The new Act and the new sanctions regime
The new Act will introduce four new offences:
· the first basic offence – it will be a criminal offence to offer, promise or give a bribe
· the second basic offence – it will be a criminal offence to request, agree to receive or accept a bribe
· the Act introduces an entirely separate offence of bribery of foreign public officials
· the Corporate Offence – the Act introduces an entirely new offence of failure by relevant commercial organisations to prevent bribery by persons working on behalf of the organisation
The Corporate Offence is scheduled to come into force in October 2010, but it is not yet known when the others will take effect, though this is expected to be in the very near future.
A maximum of 10 years’ imprisonment is allowed for all offences while corporate failure could involve an unlimited fine.

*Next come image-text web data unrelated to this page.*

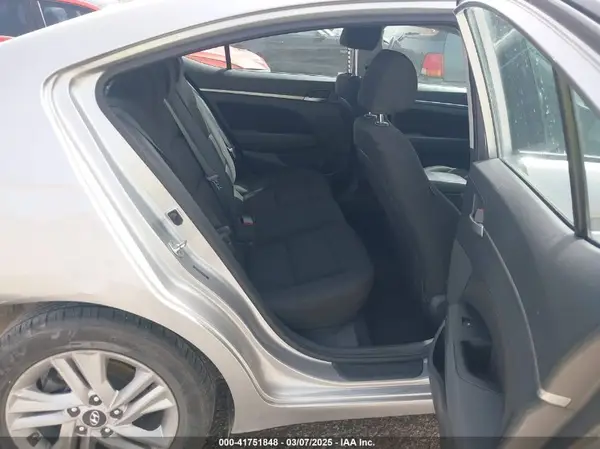 5NPD84LF5LH562940 2020 HYUNDAI ELANTRA - Image 8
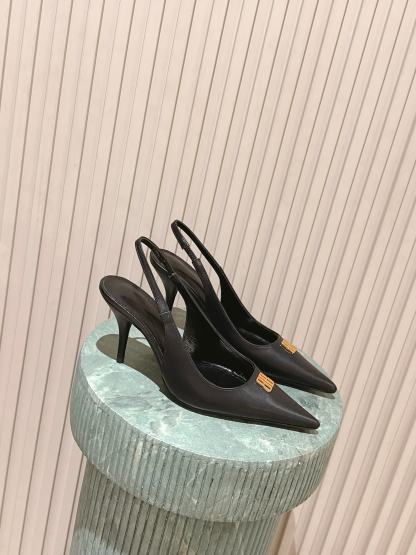 Elegant high heels with pointed toe and B-shaped hardware buckle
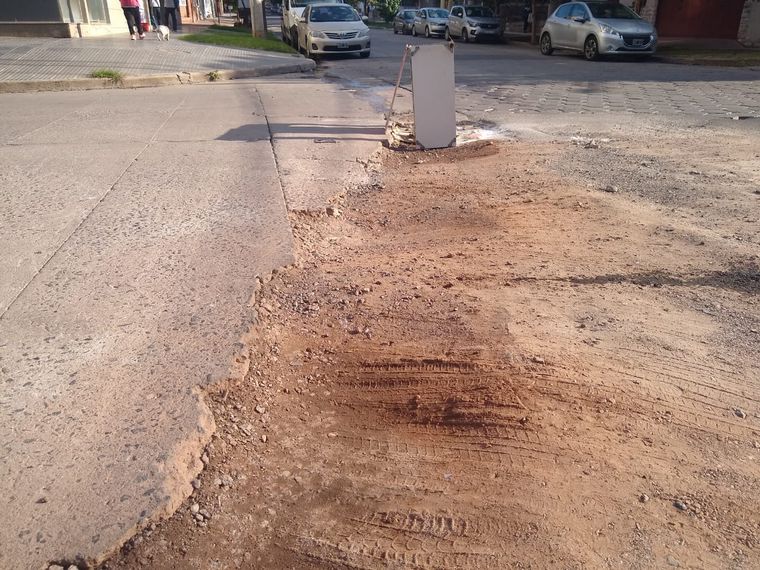Un bache rompió un auto en barrio General Paz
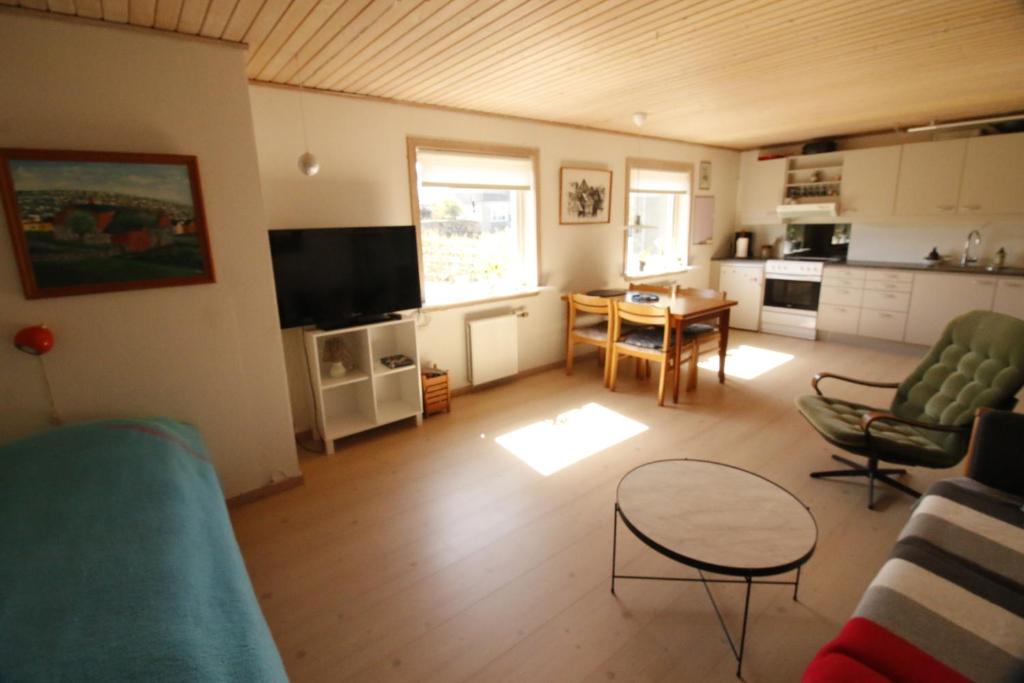 One bedroom apartment in quiet neighborhood photo 4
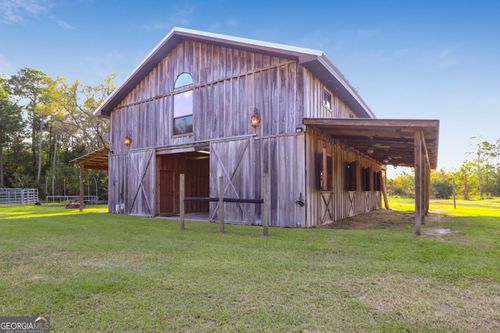 2883 Tank Rd, Odum, GA, 31555-7143 | Card Image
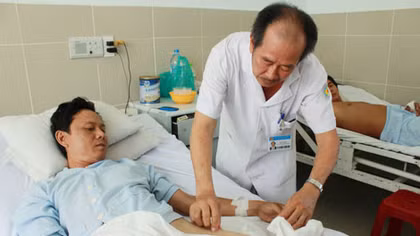 Suýt mất chân vì nhờ thầy lang vườn nắn gân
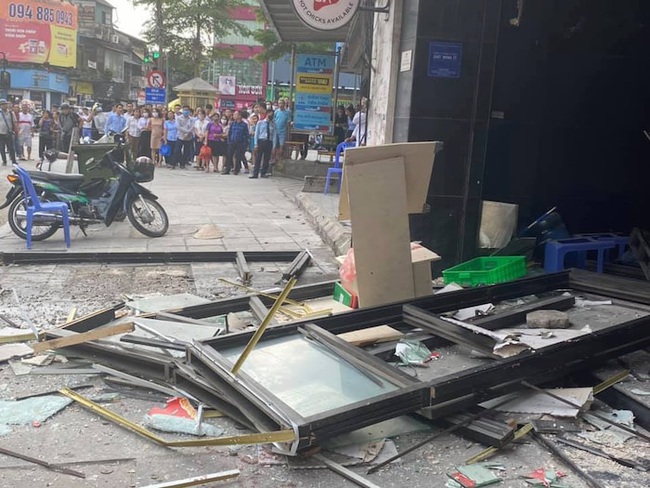 Hà Nội: Sau tiếng nổ lớn, nhiều người nhập viện cấp cứu - Ảnh 2.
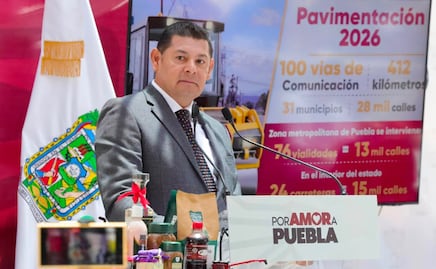 Con 13 trenes de pavimentación y 14 módulos de maquinaria, Armenta rehabilita calles en Puebla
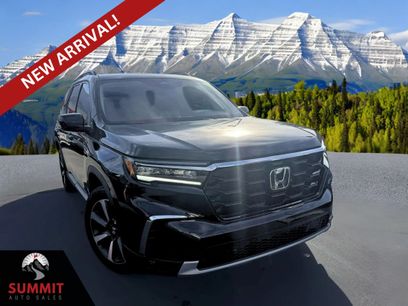 Used 2025 Honda Pilot Touring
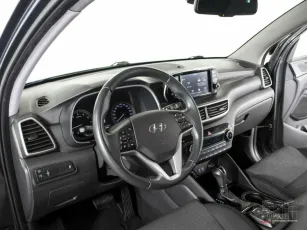 Hyundai  10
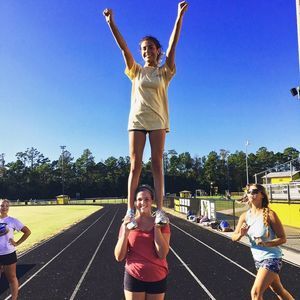 Meet your Posher, Averi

In addition, and significantly, directors, managers and company secretaries can also be at risk of prosecution personally if an offence is committed by a company of which they are officers if the offence is committed with their consent or connivance.

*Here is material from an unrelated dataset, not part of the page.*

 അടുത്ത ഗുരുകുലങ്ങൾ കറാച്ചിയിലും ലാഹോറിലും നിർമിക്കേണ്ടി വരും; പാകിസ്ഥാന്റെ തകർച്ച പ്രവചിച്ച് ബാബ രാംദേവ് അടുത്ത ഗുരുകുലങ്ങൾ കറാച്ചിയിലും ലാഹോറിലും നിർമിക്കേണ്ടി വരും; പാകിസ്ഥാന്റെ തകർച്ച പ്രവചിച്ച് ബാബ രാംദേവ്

Having said that, it is clear that the primary focus of the Serious Fraud Office (SFO) – one of the bodies responsible for initiating prosecutions under the new Act – wants to focus on ‘real offenders’, rather than those who are trying to do the right thing.
The SFO General Counsel has said that one ounce of prevention is worth a pound of cure when it comes to prevention of corporate corruption.
The Corporate Offence
The so-called Corporate Offence is of particular interest.
It is committed where a person associated with a commercial organisation bribes another person with the intention of obtaining or retaining business, or an advantage in the conduct of business for the organisation.
Liability for breach is strict, and it is not a defence that the corporation has not been negligent.
It should also be noted that the definition of a person who is associated with a commercial organisation includes ‘a person who performs services for or on behalf of the organisation in whatever capacity’. This is potentially a very wide category indeed, which could certainly include, for example, a ‘fixer’ or introducer in an overseas market.
There is an important statutory defence available to companies faced with a risk of prosecution. Accordingly, it is a defence for an organisation to prove that it had in place adequate procedures designed to prevent persons associated with the organisation from undertaking such conduct.
Adequate procedures: What are they?
Companies will want to know what procedures they need to put in place to ensure they can use the statutory defence.
Guidance will be published by the Secretary of State prior to October 2010. In reality, however, we already have a good idea of the areas companies will need to consider.
Guidance and protocols from respected bodies, including for example the GC 100 Group, make clear that companies should focus on at least the following areas:
· a clear statement acknowledging top level responsibility for the company’s anti-corruption programme
· risk assessment provisions
· clear policies and procedures
· appropriate implementation arrangements
· provisions dealing with due diligence and relationships with business partners
· monitoring and review of actions/conduct
What should you do?
We believe that to prepare for the new Act, businesses will need to take the following steps:
· understand the new law
· assess risk in your business – there is no ‘one size fits all’ approach
· consider what policies you already have in place to ensure that employees, business partners and others understand your refusal to tolerate corrupt practices
· consider what you are doing to make clear to your workforce what is acceptable and what is not
· establish clear governance structures to ensure that responsibility is recognised at the highest level
· critically evaluate what you need to do to build on existing good practices to ensure compliance with the new rules
We can assist you in the work you may need to do to prepare for these changes.
Face up to new responsibilities
Brook Horowitz, head of anti-corruption programmes for the International Business Leaders Forum, wrote in the FT this week: “Companies all over the world are facing increased pressure to take measures to eliminate the risk of corruption from their business practices.
“That pressure is intensified by the fact that the very countries presenting the greatest corruption risks also represent primary growth markets. How to maximise growth and minimise risks in these markets presents one of the biggest management challenges facing business today.”
We believe companies that face up to their new responsibilities and prepare to meet them will be able to go forward with the confidence that they have nothing to fear from these welcome reforms.